Segment Open

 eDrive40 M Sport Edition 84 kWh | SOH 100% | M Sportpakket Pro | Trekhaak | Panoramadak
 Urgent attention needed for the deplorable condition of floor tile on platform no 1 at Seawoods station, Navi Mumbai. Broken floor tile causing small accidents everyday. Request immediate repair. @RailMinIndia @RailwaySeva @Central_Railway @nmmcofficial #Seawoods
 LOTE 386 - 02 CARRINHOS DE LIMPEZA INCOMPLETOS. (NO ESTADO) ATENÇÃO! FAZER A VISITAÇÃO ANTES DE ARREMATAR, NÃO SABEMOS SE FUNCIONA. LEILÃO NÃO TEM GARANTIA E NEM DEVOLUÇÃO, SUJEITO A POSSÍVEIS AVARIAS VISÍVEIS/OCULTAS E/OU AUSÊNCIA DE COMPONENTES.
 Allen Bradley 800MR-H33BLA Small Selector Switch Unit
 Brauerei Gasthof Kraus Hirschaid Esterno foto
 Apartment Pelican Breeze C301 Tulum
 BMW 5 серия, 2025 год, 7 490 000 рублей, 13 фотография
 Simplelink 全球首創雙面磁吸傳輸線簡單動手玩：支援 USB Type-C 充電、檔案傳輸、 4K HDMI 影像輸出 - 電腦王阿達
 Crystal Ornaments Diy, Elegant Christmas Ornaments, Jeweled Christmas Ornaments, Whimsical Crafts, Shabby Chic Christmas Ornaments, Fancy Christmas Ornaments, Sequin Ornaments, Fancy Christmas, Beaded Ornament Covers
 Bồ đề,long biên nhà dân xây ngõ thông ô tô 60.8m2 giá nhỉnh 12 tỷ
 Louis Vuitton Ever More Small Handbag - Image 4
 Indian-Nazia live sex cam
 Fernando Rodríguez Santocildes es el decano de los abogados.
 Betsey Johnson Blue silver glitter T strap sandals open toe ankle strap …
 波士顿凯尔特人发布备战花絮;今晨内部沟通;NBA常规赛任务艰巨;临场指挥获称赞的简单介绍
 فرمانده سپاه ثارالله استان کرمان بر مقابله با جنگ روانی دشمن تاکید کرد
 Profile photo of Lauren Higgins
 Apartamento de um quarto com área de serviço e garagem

Segment Closed

- _Exercise objective_
Transcribe each record exactly as it is written above.

- _Result of this task_
 eDrive40 M Sport Edition 84 kWh | SOH 100% | M Sportpakket Pro | Trekhaak | Panoramadak
 Urgent attention needed for the deplorable condition of floor tile on platform no 1 at Seawoods station, Navi Mumbai. Broken floor tile causing small accidents everyday. Request immediate repair. @RailMinIndia @RailwaySeva @Central_Railway @nmmcofficial #Seawoods
 LOTE 386 - 02 CARRINHOS DE LIMPEZA INCOMPLETOS. (NO ESTADO) ATENÇÃO! FAZER A VISITAÇÃO ANTES DE ARREMATAR, NÃO SABEMOS SE FUNCIONA. LEILÃO NÃO TEM GARANTIA E NEM DEVOLUÇÃO, SUJEITO A POSSÍVEIS AVARIAS VISÍVEIS/OCULTAS E/OU AUSÊNCIA DE COMPONENTES.
 Allen Bradley 800MR-H33BLA Small Selector Switch Unit
 Brauerei Gasthof Kraus Hirschaid Esterno foto
 Apartment Pelican Breeze C301 Tulum
 BMW 5 серия, 2025 год, 7 490 000 рублей, 13 фотография
 Simplelink 全球首創雙面磁吸傳輸線簡單動手玩：支援 USB Type-C 充電、檔案傳輸、 4K HDMI 影像輸出 - 電腦王阿達
 Crystal Ornaments Diy, Elegant Christmas Ornaments, Jeweled Christmas Ornaments, Whimsical Crafts, Shabby Chic Christmas Ornaments, Fancy Christmas Ornaments, Sequin Ornaments, Fancy Christmas, Beaded Ornament Covers
 Bồ đề,long biên nhà dân xây ngõ thông ô tô 60.8m2 giá nhỉnh 12 tỷ
 Louis Vuitton Ever More Small Handbag - Image 4
 Indian-Nazia live sex cam
 Fernando Rodríguez Santocildes es el decano de los abogados.
 Betsey Johnson Blue silver glitter T strap sandals open toe ankle strap …
 波士顿凯尔特人发布备战花絮;今晨内部沟通;NBA常规赛任务艰巨;临场指挥获称赞的简单介绍
 فرمانده سپاه ثارالله استان کرمان بر مقابله با جنگ روانی دشمن تاکید کرد
 Profile photo of Lauren Higgins
 Apartamento de um quarto com área de serviço e garagem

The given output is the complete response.